• _Dataset extract_:
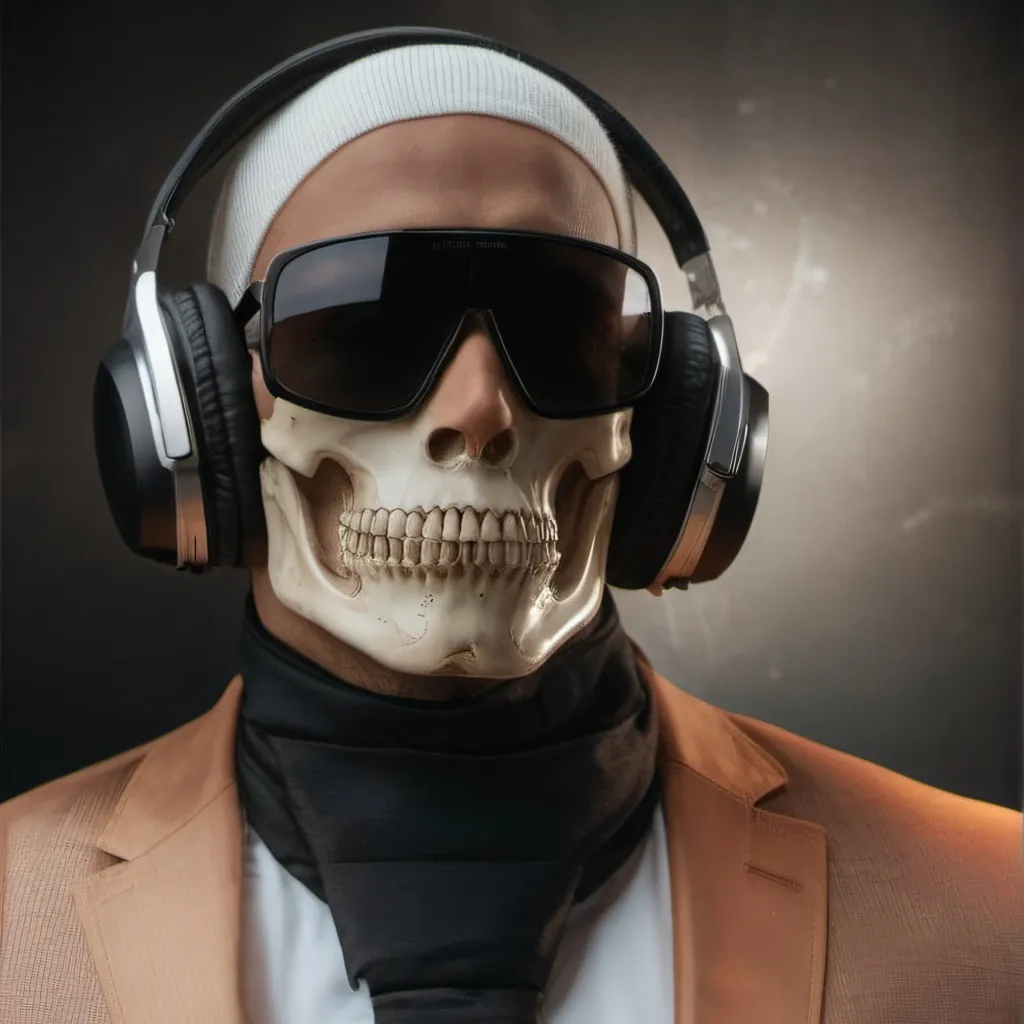 chat with ai character: Ghost Riley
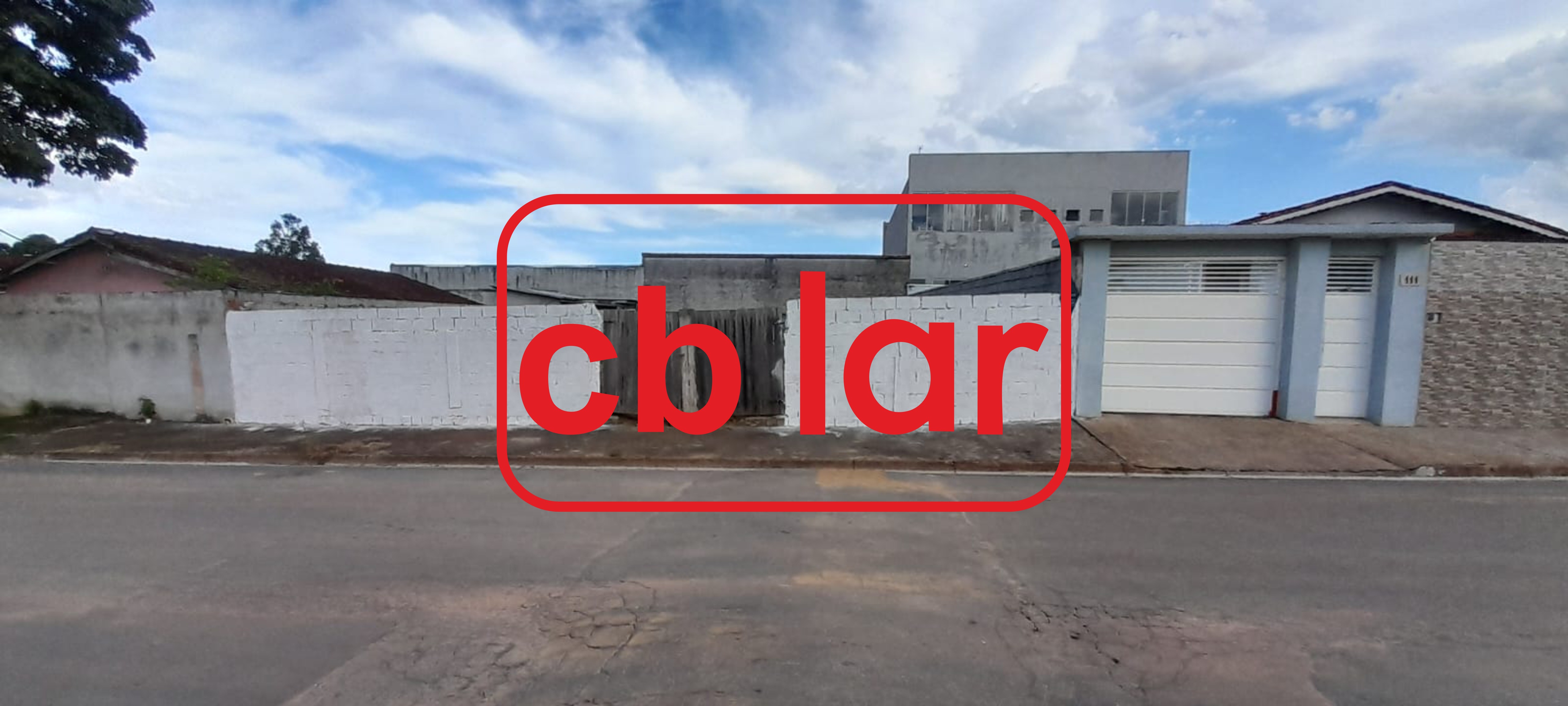 Terreno, 363 m² - Foto 3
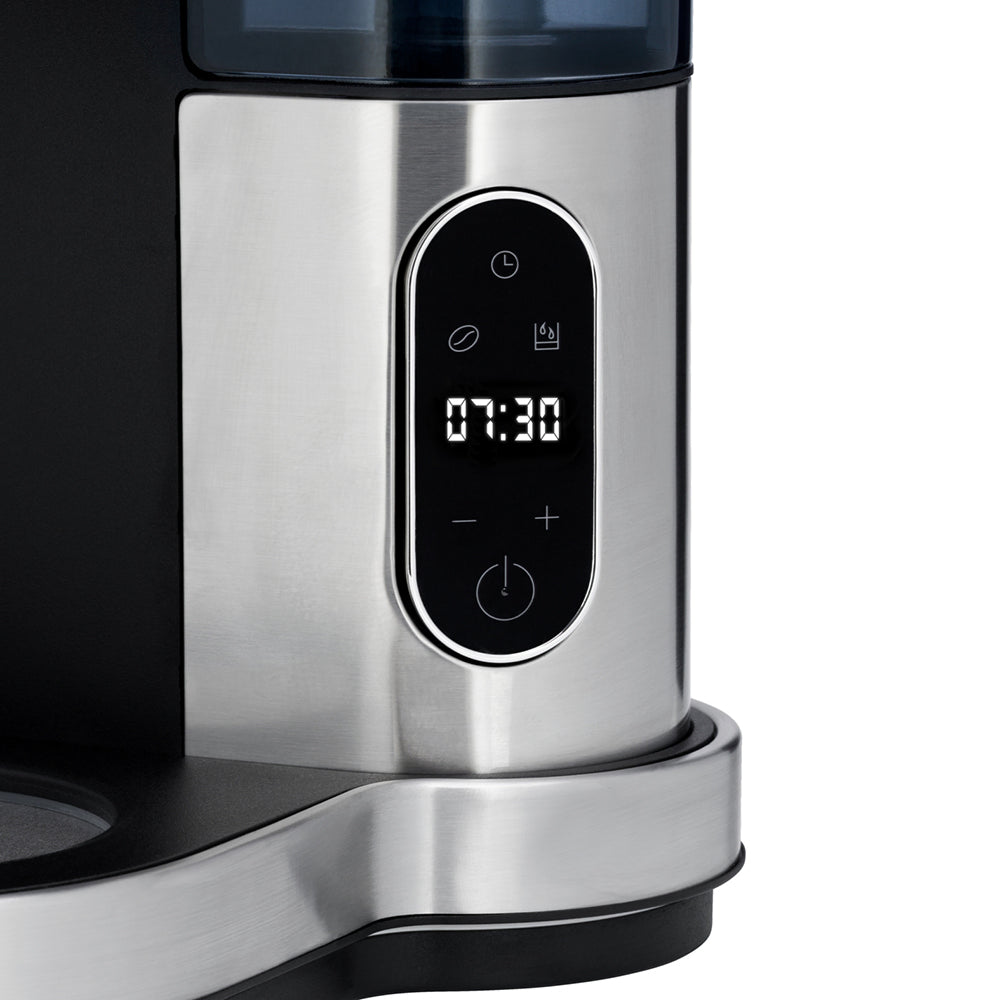 electric coffee maker and brewer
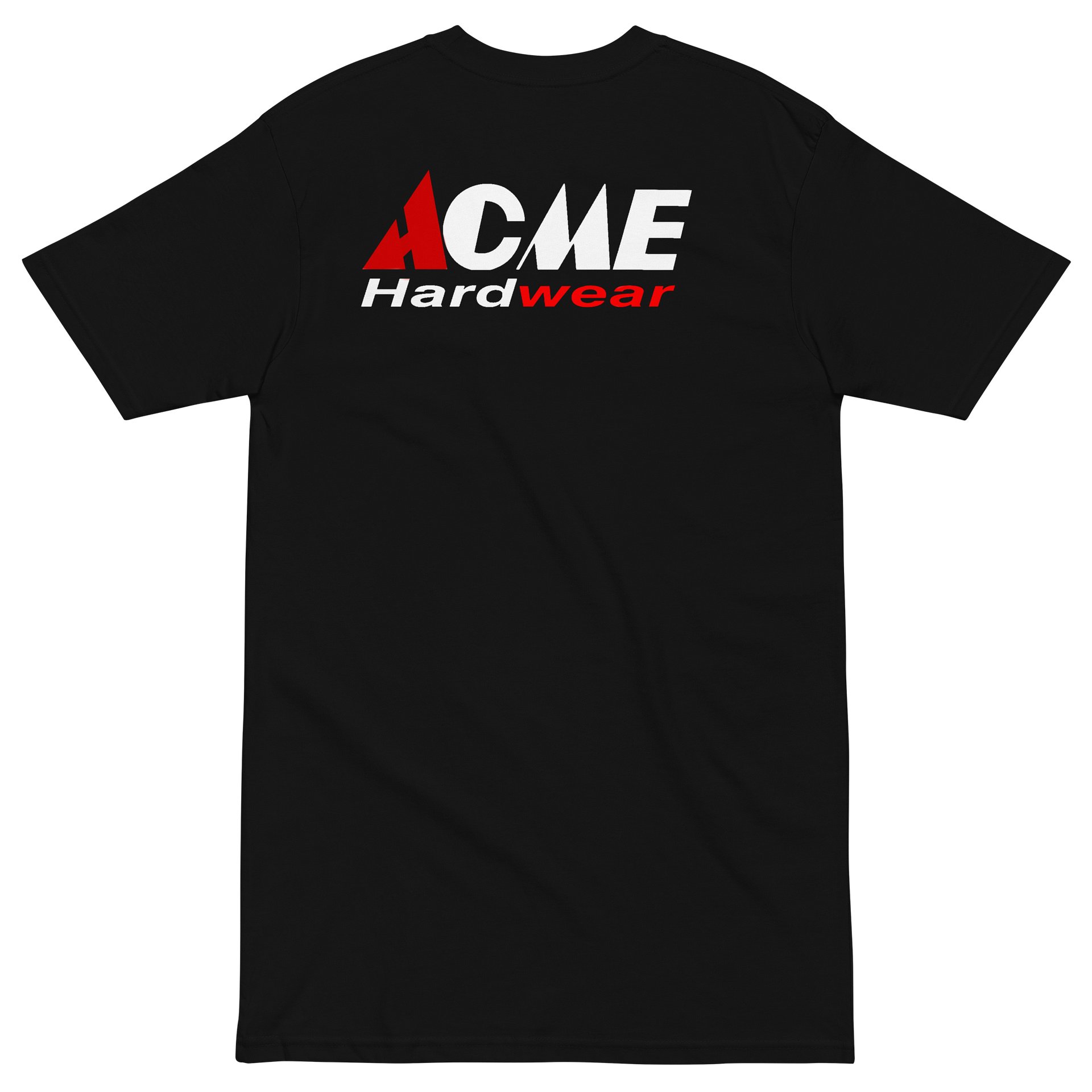 SO FAR SO HOOD Men's Premium Tee product image (6)
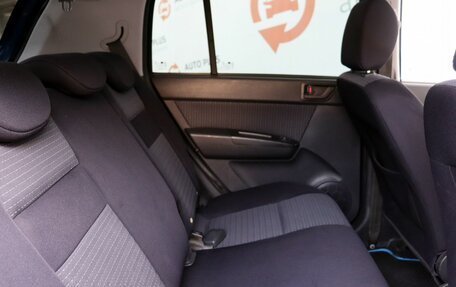 Hyundai Getz I рестайлинг, 2010 год, 670 000 рублей, 12 фотография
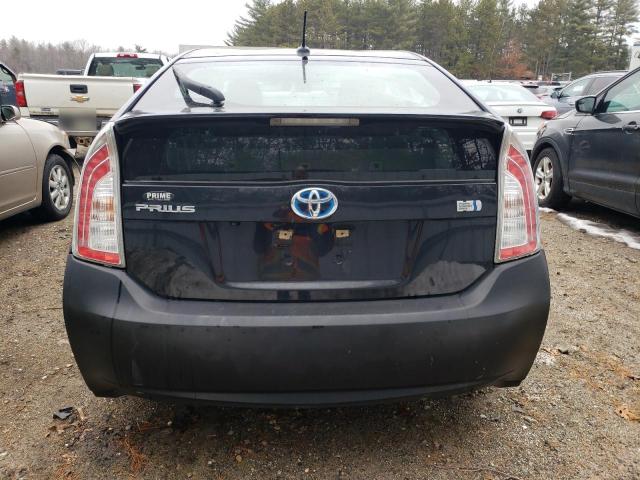 Photo 5 VIN: JTDKN3DU7E1770948 - TOYOTA PRIUS 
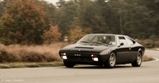Evenement: Ferrari Herfstrit deel 3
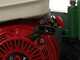 Lampacrescia MGM TTR580/S -Professioneller Schlegelmulcher - Honda Motor GX200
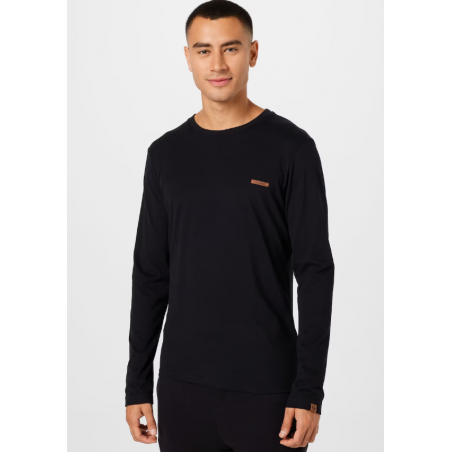 RAGWEAR - TEE-SHIRT MANCHES LONGUES ZAKI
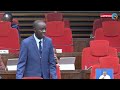 MSUKUMA ASHAA KIOJA HIKI CHA WASOMI ADAI TOKA AZALIWE HAJAWAHI KUONA IDARA YENYE VITENGO ZAID YA 50 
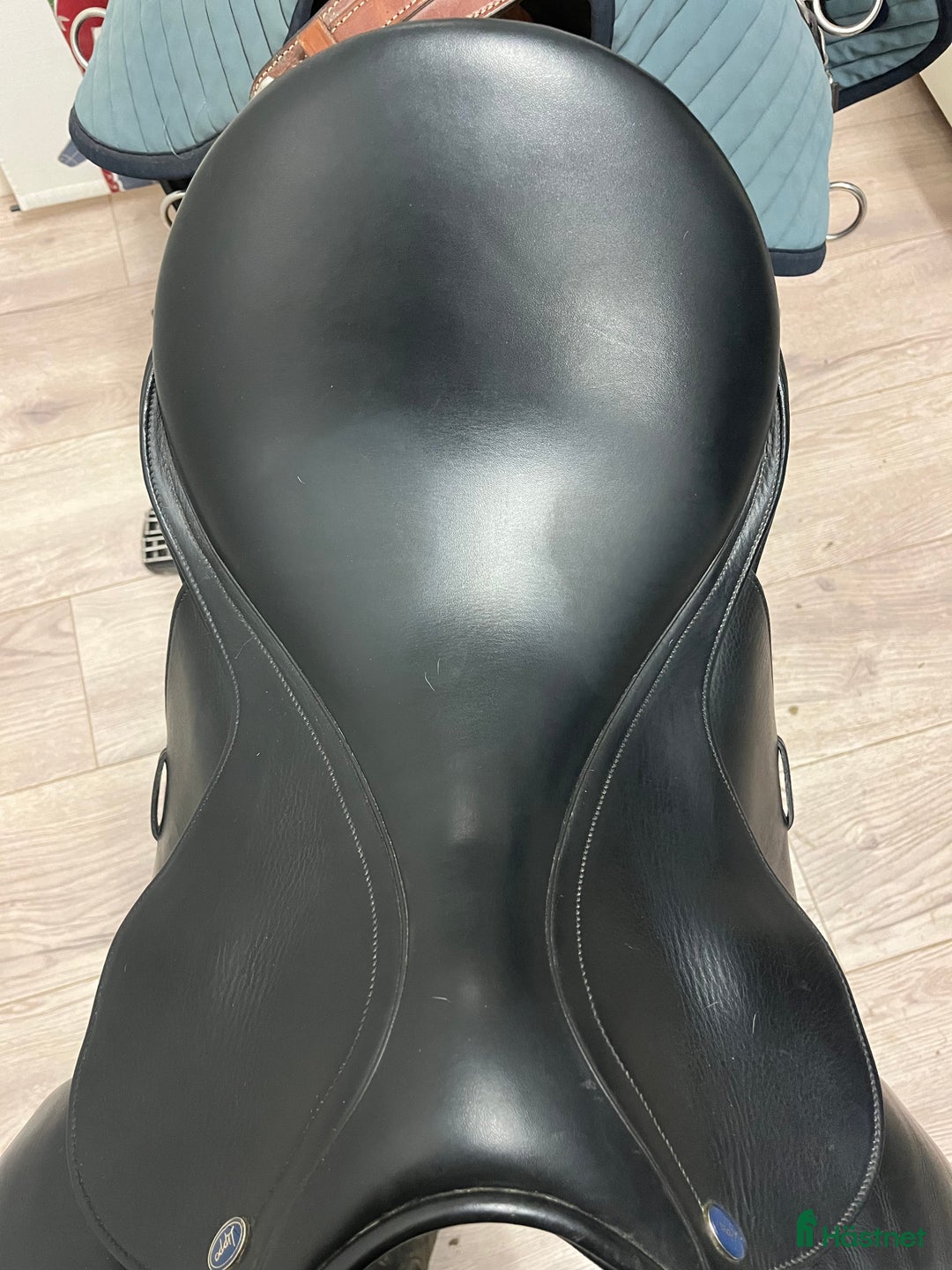 Sadlar hästutrustning till salu: Lippo Vanessa i Boden - Annons 2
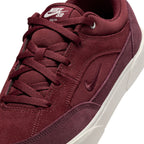 Nike SB - Malor - Dark Team Red - Velocity 21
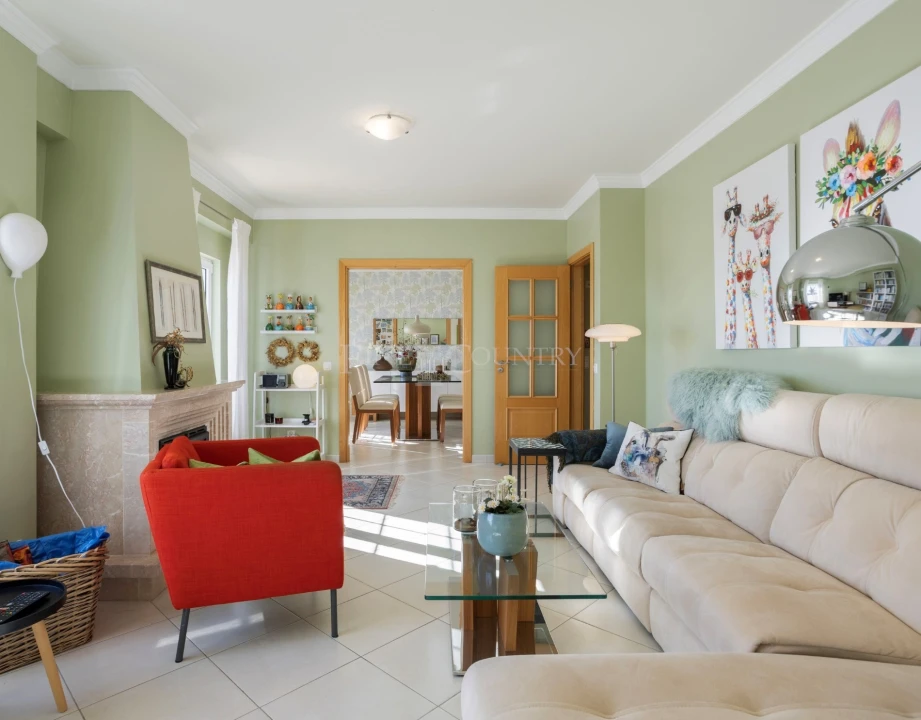 Apartamento T3 para Venda em Tavira (Santa Maria e Santiago) Foto 6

• _Exercise objective_:
Using the records above, output an exact copy without any pictures.

• _Output below_:
 chat with ai character: Ghost Riley
 Terreno, 363 m² - Foto 3
 electric coffee maker and brewer
 SO FAR SO HOOD Men's Premium Tee product image (6)
 Hyundai Getz I рестайлинг, 2010 год, 670 000 рублей, 12 фотография
 Photo 5 VIN: JTDKN3DU7E1770948 - TOYOTA PRIUS 
Evenement: Ferrari Herfstrit deel 3
 Lampacrescia MGM TTR580/S -Professioneller Schlegelmulcher - Honda Motor GX200
 RAGWEAR - TEE-SHIRT MANCHES LONGUES ZAKI
 MSUKUMA ASHAA KIOJA HIKI CHA WASOMI ADAI TOKA AZALIWE HAJAWAHI KUONA IDARA YENYE VITENGO ZAID YA 50 
 Sadlar hästutrustning till salu: Lippo Vanessa i Boden - Annons 2
 Nike SB - Malor - Dark Team Red - Velocity 21
 Apartamento T3 para Venda em Tavira (Santa Maria e Santiago) Foto 6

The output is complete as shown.